An organization plan entails the objectives to be, and the policies to enhance their attainment. These policies are transacted into action plans called budgets. The budget is a quantitative expression of managerial plans prepared and approved prior usually a year, while budgetary control compares actual results with budgeted performance and make for corrective action. Budget is as important to a country as to a state and to business organization. As a nation plan ahead in terms of revenue and expenditure within a specific period, so also business organization or state conceptualizes anticipated revenues and disbursement within a specific time. Every establishment, be it business organization, private or public, makes it a point of necessity to prepare a budget and institute budgetary control for the purpose of translating policies coordinating activities as well as financial control in order to achieve the best possible results.
This project sought to examine budgeting and budgetary control and effective financial management in government parastals in Nigeria and highlight the process, type, classification, also, an overview of budgetary and budgeting implementation in Guinness (Nig) Plc
- Background of the study
T In the year 1962 at Ikeja, Lagos State, Nigeria, a brewery company was incorporated named Guinness (Nigeria) Plc. The Benin branch which is the case study was established in mid 1972 as at the time of incorporation, it was called Guinness (Nigeria) Ltd.
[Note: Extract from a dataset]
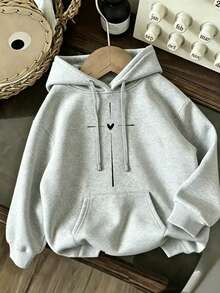 Women's Minimalist Heart Cross Printed Loose Shoulder Hoodie, Casual Inspired Pattern Women's Drawstring Kangaroo Pocket Long Sleeve Sweatshirt, Women's Autumn/Winter Hoodie Top - Women's Autumn/Winter Street Style Hoodie T-Shirt - Excellent Choice For Festival Parties - Cotton Blended Fabric, Thick Velvet Lining, Soft And Comfortable, Autumn/Winter Daily Top, Autumn/Winter Hoodie. Machine Washed Casual Style, With Multiple Colors To Choose From - 淺灰色 - 查看 2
It was changed to Guinness Nigeria Plc in the year 1991 due to government directive to distinguish public limited companies from other limited companies. Guinness (Nigeria) Plc, Benin branch is located along the Benin Agbor road, at Oregbeni Housing Estate, Ikpoba Hill in Ikpobookha Local Government Area, Edo State.
The objectives of the company (Guinness Nigeria Plc) include among others:
1. To contribute to the economic development of the nation.
2. To contribute to the general welfare of the community, where it is situated.
3. To provide or create employment opportunities to members of the entire community. As a result of the recent structural re-organization of the company, the total number of full time staff of the company is 2250. Moreover, about 250 casual workers are employed on daily pay basis.
However only 106 people are in the management cadre. It is noteworthy to understand that expatriated workers do come from time to time to the company to offer technical and other managerial advice particularly when a new product is to be introduced into the market. The board of directors is made up of sixteen (16) members.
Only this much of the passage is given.